God never answers that question in Scripture. He simply asserts that it will not forever have free reign, as it now seems to have. I suppose that’s really the important thing – where it’s going, not where it came from.
However, God didn’t make Adam and Eve as puppets or robots. He didn’t simply “program” them to do what He wanted. He gave them minds, emotions, will. They could think. They could “feel”. And they could make decisions. And God gave them simple and clear instructions; they could eat of any tree in the garden except one. They couldn’t eat of the tree of the knowledge of good and evil.

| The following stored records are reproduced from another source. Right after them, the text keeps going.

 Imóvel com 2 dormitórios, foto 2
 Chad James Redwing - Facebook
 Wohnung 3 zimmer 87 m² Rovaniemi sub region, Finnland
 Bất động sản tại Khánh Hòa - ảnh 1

It just really struck me that the tree was about good as well as evil. We have to remember that Adam and Eve were in a state of innocence. Though they hadn’t yet sinned, they were not “sinless” as we understand that. We might say that, in a sense, they were a blank slate. They had no “experience” to draw on, nothing to tell them about things except God. And we’re told nothing about what He said except as it pertains to their fall.
When Satan tempted Eve to disobey God, he implied that they could decide for themselves what was “good” and what was “evil”. They wouldn’t need God. We’ve seen, and see, the results of that.

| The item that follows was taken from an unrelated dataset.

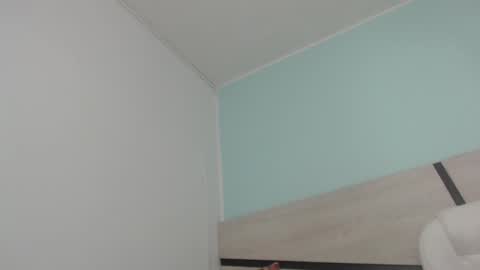 Snapshot of sussy_leon chatting on 02-10-25, 06:24 sussy leon online show from 02-10-25, 06:24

However we may understand the answer to the question of evil now, there is coming a time when we will indeed see that God’s dealings with Adam and with every one of his descendants have been and are just and true.
However, all this isn’t just some arcane discussion reserved for clerics and scholars in musty halls of academia. The question is asked, “Who shall not fear You, O Lord, and glorify Your name?” It brings us out into where we are and what we are doing right now. It brings us face to face with a God who alone is holy.
Holiness isn’t about experience, or the name of a religious group. It’s about essential nature and character. Though used in a variety of ways, the word “holy” means “separate from defilement or impurity.” It refers to a state of being morally and spiritually clean and pure, absolutely clean and pure. No hint of impurity or impropriety.
Only God is like that.
We are anything but….
This is why the question is asked, “Who shall not fear You, O Lord?”
There is coming a time when the heavens will not be silent. When men will no longer be able to ignore or reject the God of heaven. Even on this earth, to say nothing of what will happen to us after death.
“For all nations shall come and worship before You.”
Zechariah 14 gives us a graphic description of this:
And it shall come to pass that everyone who is left all of all the nations which came against Jerusalem shall go up from year to year to worship the King, the Lord of hosts…, v. 16. And this will be mandatory, as vs. 17-19 tell us.
But all of that is yet future. What about today, this Tuesday morning that I type this, or the day that you are reading this? One day you will stand before God to give an account of this life. Are you ready? Oh, that you might consider this, that apart from the Lord Jesus Christ, there is no hope for any of us, but only, as Hebrews 6:2 puts it, a certain fearful expectation of judgment, and fiery indignation which will devour the adversaries. Modern culture may not believe in a God who would do such things, but that doesn’t nullify what God said.
But God sent His Son to do what we can’t: live a perfect, sinless life and die a death that would satisfy the requirements of the Law. The Resurrection is God’s assurance that the price has been paid, and that all those who receive the Lord Jesus by faith are saved.
“Believe on the Lord Jesus Christ, and you will be saved,” Acts 16:31.